A Landscape of Fulfillment

Contributor

Endnotes

Volume 10, Issue 00
May 5, 2024

“But does the ability to obtain objects of desire quickly and easily actually generate happiness? In the emerging field of happiness studies, scholars divide measures of happiness into three basic categories: “momentary feelings of joy and pleasure, … overall contentment with life, … [and] the quality of life achieved by developing and fulfilling one’s potential, which has been called eudaimonia or ‘the good life.’”

Logistics could instead play a role in the development of a eudaimonistic landscape, a landscape of fulfillment, but this will not emerge through the current version of logistics…”

The Rule of Logistics by Jesse LeCavalier

What is a landscape of fulfillment? Is it the constant attainment of material objects? A never-ending stream of dopamine highs? Is it the freedom to get what we want, whenever we want, wherever we want?

This semester, Core IV studio is studying the Meadowlands. Its history is one of shameless exploitation. Diked, dumped, destroyed, it is a site that we have attempted to tame and brutally subdue.
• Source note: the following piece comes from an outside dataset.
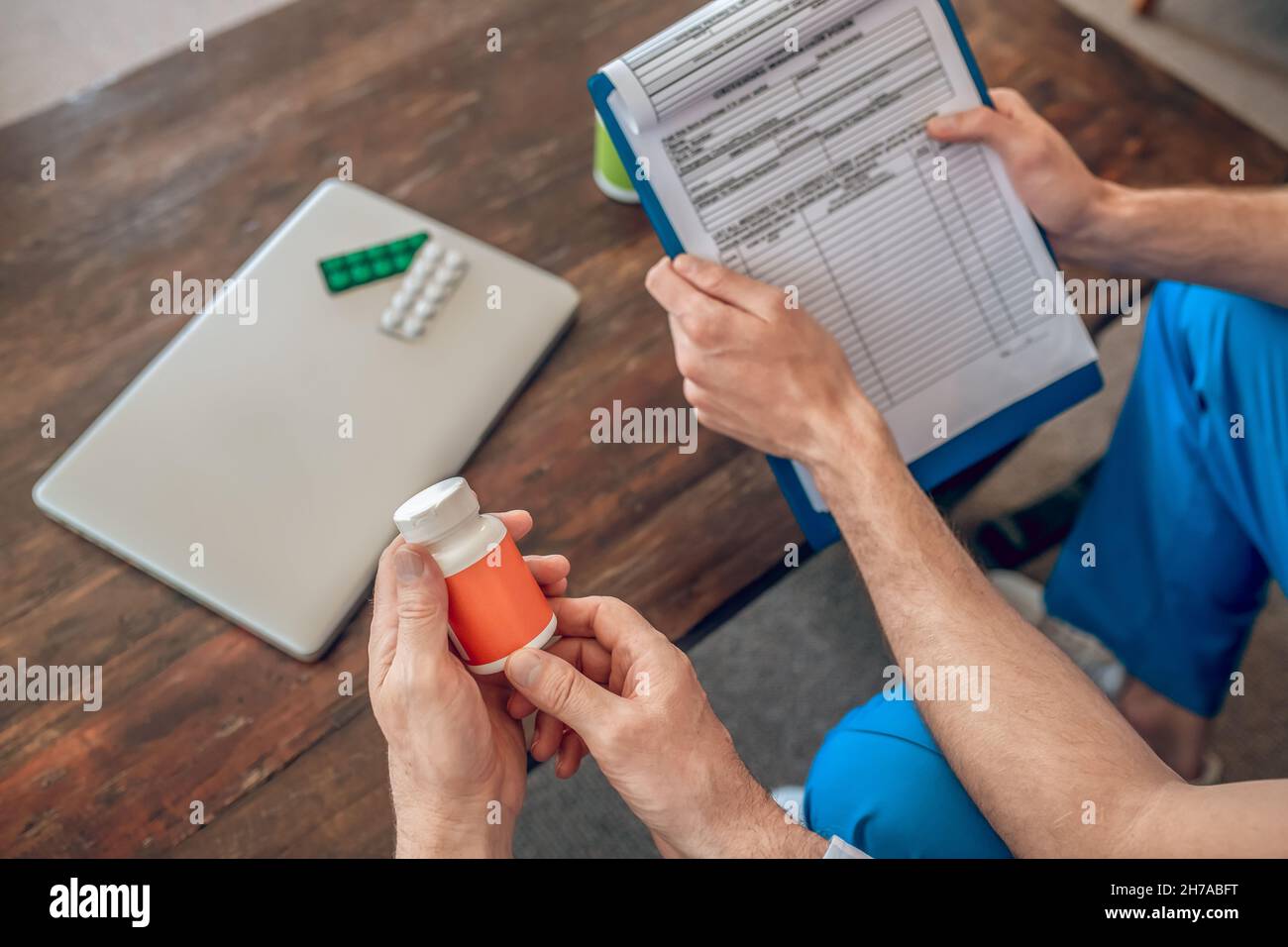 Patient und Arzt wählen Nahrungsergänzungsmittel am Tisch aus Stockfoto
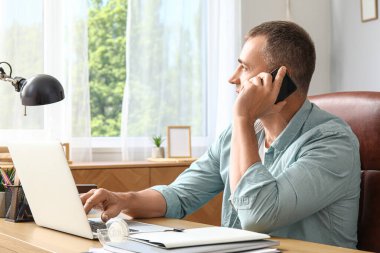 Ofiste cep telefonuyla konuşan olgun bir erkek serbest yazar.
And yet, although the land has bent, it still resists.

Today, of the many landscapes shaping the Meadowlands, service and fulfillment is a primary driver. Another is flooding; in one hundred years, most of the site will be underwater. This confluence of consumerism and climate change is no coincidence. As the rising sea levels of the site lead to questions of how we will live amidst water, it is also an opportunity to question how we will live in our landfills and ruins.

In the concluding chapter of Jesse LeCavalier’s The Rule of Logistics, he leaves the reader with a provocation of rethinking what fulfillment, a landscape of fulfillment, really is.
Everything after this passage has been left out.